Microglia express the metabotropic P2Y6 receptor, whose activation by its endogenous agonist uridine diphosphate (UDP) triggers phagocytosis in response to neuronal injury. Given that the UDP/P2Y6 receptor system functions as a sensor of phagocytosis and initiates the clearance of debris in the brain, the main research objective of this study is to test the hypothesis that activation of the P2Y6 receptor results in amyloid plaque clearance and synaptic and cognitive improvement in an animal model of Alzheimer's disease (AD), and the PSAPP transgenic mouse.

Project Details

Accumulation of amyloid beta within neuritic plaques is a defining feature of Alzheimer's disease (AD) and shows a strong correlation with the degree of neurological dysfunction. It has been suggested that microglial phagocytosis contributes to clearance of amyloid beta deposits. Recently, it has been shown that neurodegeneration stimulates microglial expression of the metabotropic P2Y6 receptor, whose activation by endogenous agonist uridine diphosphate (UDP) triggers microglial phagocytosis. The main research objective of this project is to examine whether the activation of the P2Y6 receptor in vivo reduces plaque burden in the brain, leads to recovery of amyloid-associated neuritic dystrophy, and improves behavioral performance in the mice model of AD. These aims will be addressed using a transgenic animal model of AD, the PSAPP transgenic mice, in combination with two-photon in vivo imaging, immunohistochemistry, electrophysiological and behavioral assays.
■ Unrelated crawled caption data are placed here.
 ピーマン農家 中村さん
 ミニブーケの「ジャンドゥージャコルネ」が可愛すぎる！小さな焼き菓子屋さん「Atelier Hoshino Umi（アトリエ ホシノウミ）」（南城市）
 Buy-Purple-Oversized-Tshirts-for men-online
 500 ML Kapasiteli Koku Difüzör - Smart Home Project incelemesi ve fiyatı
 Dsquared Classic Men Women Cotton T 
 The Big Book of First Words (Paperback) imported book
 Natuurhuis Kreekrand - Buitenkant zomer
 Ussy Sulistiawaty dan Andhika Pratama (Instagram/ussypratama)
In the first aim, the hypothesis that activation of P2Y6 induces clearance of plaque will be tested using acute administration of P2Y6 endogenous agonist, UDP, in the brain of PSAPP mice, followed by plaque evaluation using two-photon in vivo imaging and immunohistochemistry. The second aim is to determine whether activation of P2Y6 rescues deficits in synaptic plasticity and transmission in PSAPP mice using the electrophysiological method. In the third aim I will employ cognitive behavior tasks, including a fear conditioning test and novel object recognition, to test whether P2Y6-mediated plaque clearance improves cognitive capability in PSAPP mice. Currently, AD afflicts approximately 30 million people worldwide and is the most common cause of dementia in the elderly and there is no cure for the disease. Given the central role of amyloid beta peptide in the neuropathology of AD, efficient clearance of amyloid beta plaque becomes the focus of many therapeutic approaches in AD. These studies are designed to examine the role P2Y6 receptor in reduction of plaque burden in the brain, and have the potential to provide new therapeutic strategies for treatment of AD.